Virtual Training & Operations

Virtual Training & Operations

 
By Bill Lydon - Contributing Editor
 
From 2009 IPS User Group Conference
 
The most thought-provoking demonstration at the 2009 IPS User Group Conference was the new EYEsim virtual reality system. It puts a user into a virtual plant and allows interactive operation, just as in a real plant. The user wears 3D glasses and uses a joystick to interact with the simulation. It is like playing a video game, which most people are very comfortable with today.  While experiencing this system, I had a real sense of being at a field site. Activities include walking through the virtual plant, checking controls, closing valves, reading gauges, and other tasks. The demonstration was complete with a simulated plant fire and the operator was guided to the shutoff valve to suppress the fire.
 
 
The virtual simulation is linked to first-principle simulation to enable engineers and operators to interact with the plant and the processes. Invensys is using the power of Virtual Reality technology to provide real-time rendering of equipment views and high-fidelity simulation in a cost-effective system for improving multimedia training, process design, maintenance and safety. The virtual plant is created from CAD drawings and digital photography.
 
"Called EYEsim, the system extends the scope of traditional simulator training to include not only the control room, but the field as well," explains Maurizio Rovaglio, Invensys Operations Management group leader for innovation technologies and emerging services. "Control room operators, as well as field operators and maintenance technicians, can now be trained in tandem, interactively solving problems over walkie-talkie under trainer supervision," he explained.
 
By merging virtual plant imagery with screens from asset management or other application software, the Invensys solution creates a computer-generated representation of either a real or proposed process plant. Using a stereoscopic headset, trainees enter a completely immersive environment in which they can move throughout the plant. Such freedom is possible because the virtual environment is rendered at 60 frames per second, significantly faster than can be achieved by traditional, non-real-time rendering.
 
The interactive system is a server-centric distributed application that centralizes the scene update and enables scene rendering on many concurrent stations. It has a central server that synchronizes directly with the Invensys Operations Management’s SIM4ME® simulation engine so the properties of each plant element in the Virtual Reality scene are updated with the process simulation.
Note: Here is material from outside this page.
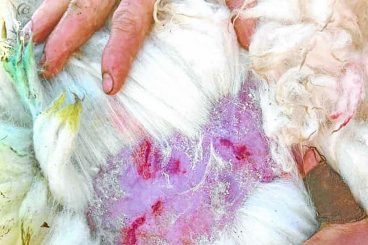 Second sheep attack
The Virtual Reality system has additional stations for various roles in the simulation.
 
Training
Using this as a training tool can provide a much more realistic “feel” of how control room interactions impact operations. In addition, operators can do virtual plant tours to do manual control in the virtual plant including opening/closing valves, turn motors on/off, and change local setpoint.
 
"The increasing complexity of plants, combined with a changing workforce, demands next-generation tools that can safely and interactively train new operators and engineers without putting them, the community or the environment at risk," added Tobias Scheele, vice president, advanced applications, Invensys Operations Management. "This system provides a stable, realistic environment for practicing routine operational and maintenance functions, as well as rarely performed volatile tasks such as plant shutdowns.  In addition, using computer models of real equipment allows endless experimentation without ever taking the equipment off- line, mitigating risk to production as well." 
 
Richer HMI Implications
The broad possibilities of this technology come into focus as you can put virtual system screens right at the equipment in the simulation. Using VR to drive the HMI in a real system provides a significantly richer user interface to understand what is going on in a plant. Seeing the physical representation in 3D along with systems screens relating to the equipment allows operators and engineers to really get the “feel” of what is going on in a system.
 
 
This could easily become a major part of the actual operating HMI to improve operations.
 
Vision
I am impressed that Invensys management has the vision and is willing to risk supporting this type of activity using the latest technology to improve training and operations. It would be very easy for management to view this simply as a novel exercise for technologists to “play in the sandbox.” Rather, they have the vision to allow development people to pursue use of new technology. The team of people I met is creative and enthusiastic. I am sure we will see more interesting things as they develop these concepts further.